**Given material:**
== Segment start ==
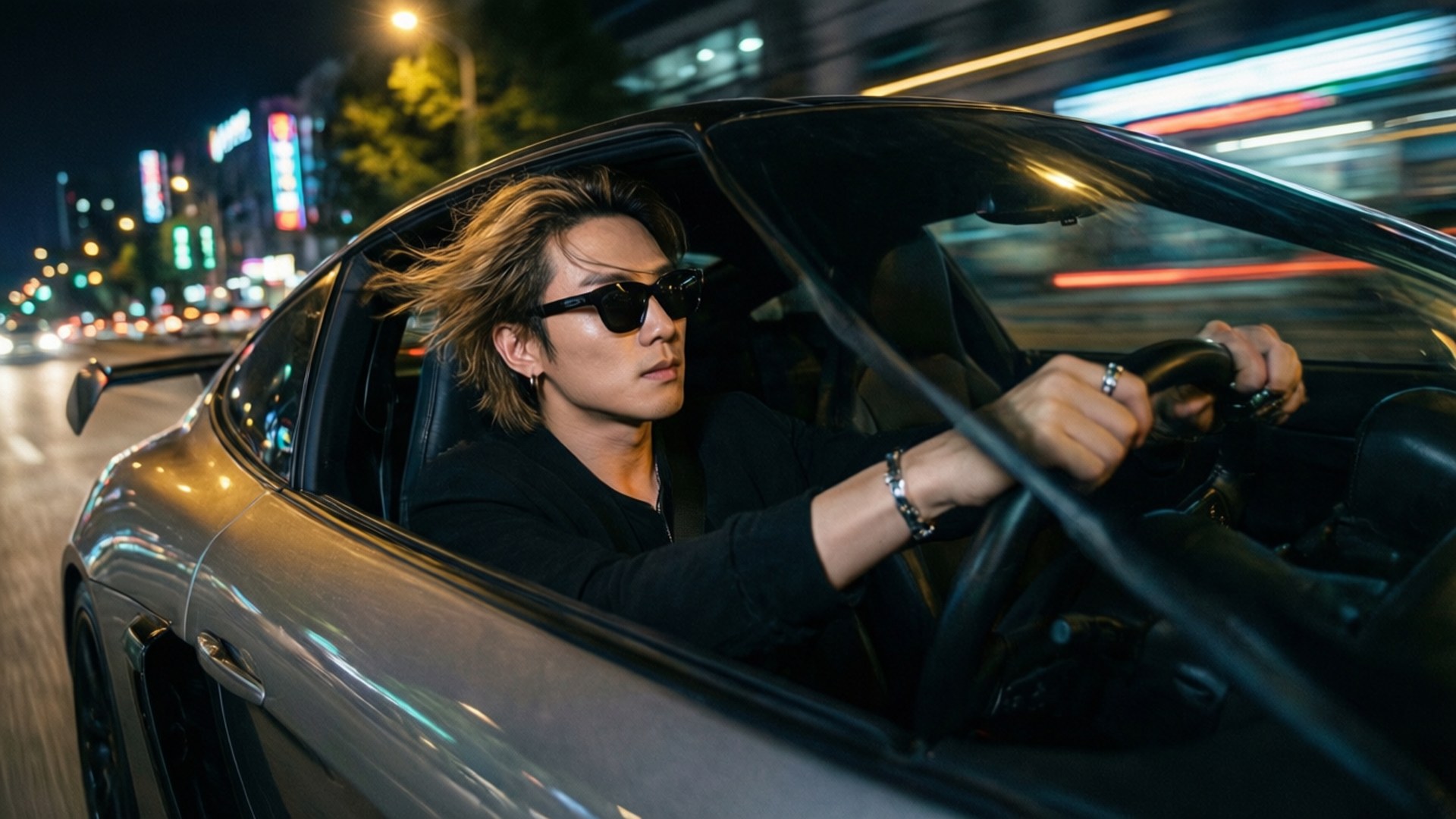 戴太陽眼鏡的男士在夜晚駕駛銀色跑車穿過霓虹城市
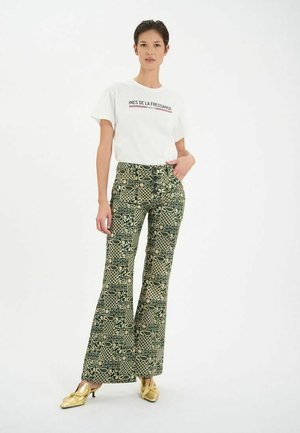 Pantalons large à motifs en vert et beige avec divers motifs géométriques et botaniques ; associés à un t-shirt blanc avec logo et des chaussures dorées.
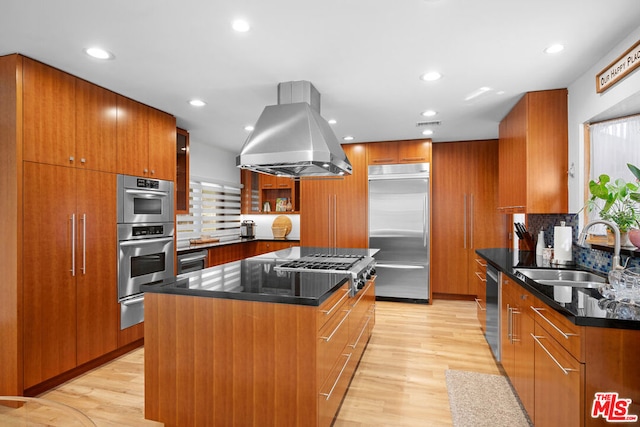 kitchen with island range hood, a center island, stainless steel appliances, and light wood-type flooring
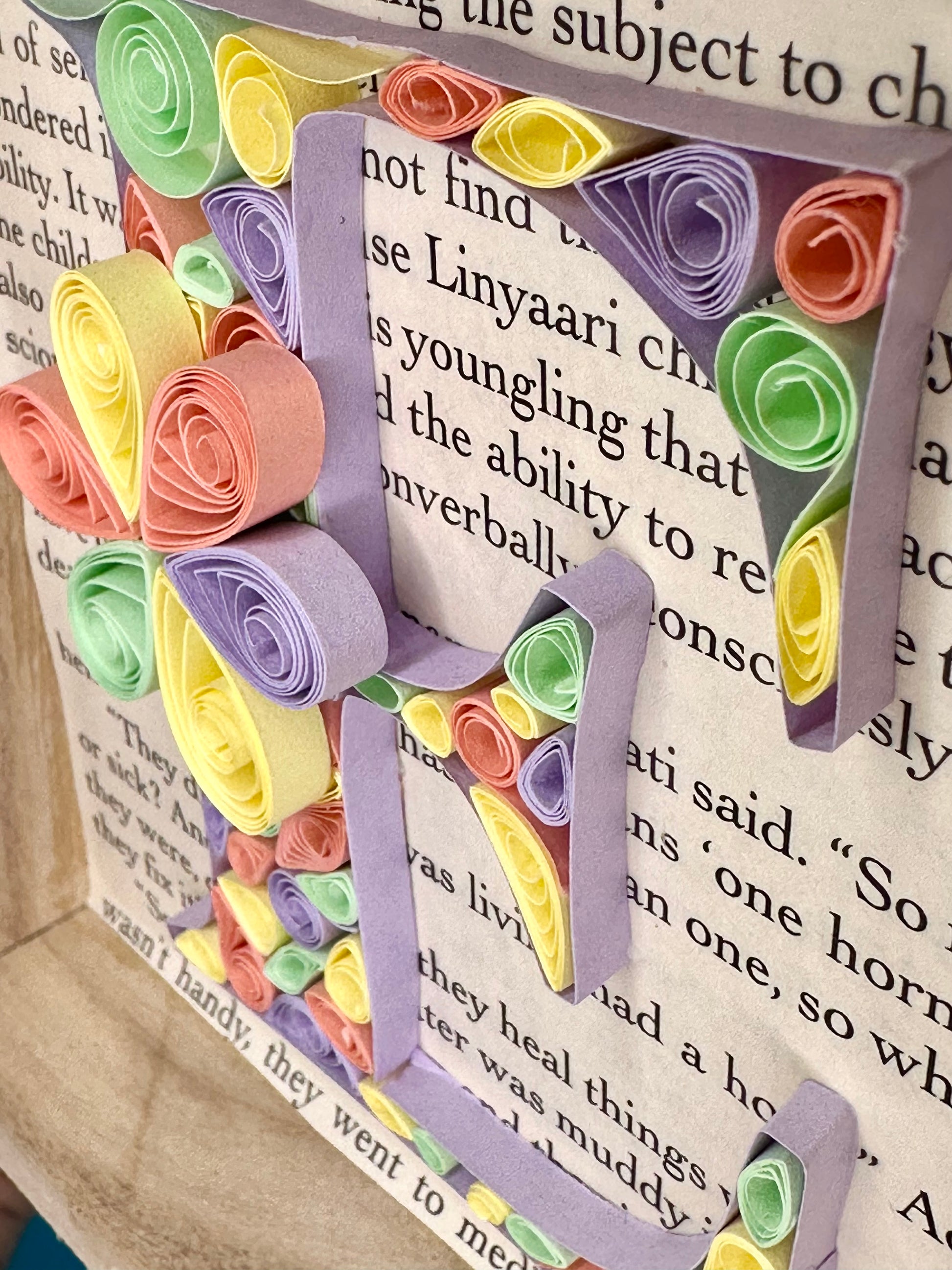 Close up of abstract quilling letter E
== Segment end ==
**Activity:**
The data above should be restated exactly, with its images dropped.

**Completed exercise:**
 戴太陽眼鏡的男士在夜晚駕駛銀色跑車穿過霓虹城市
 Pantalons large à motifs en vert et beige avec divers motifs géométriques et botaniques ; associés à un t-shirt blanc avec logo et des chaussures dorées.
 kitchen with island range hood, a center island, stainless steel appliances, and light wood-type flooring
 Close up of abstract quilling letter E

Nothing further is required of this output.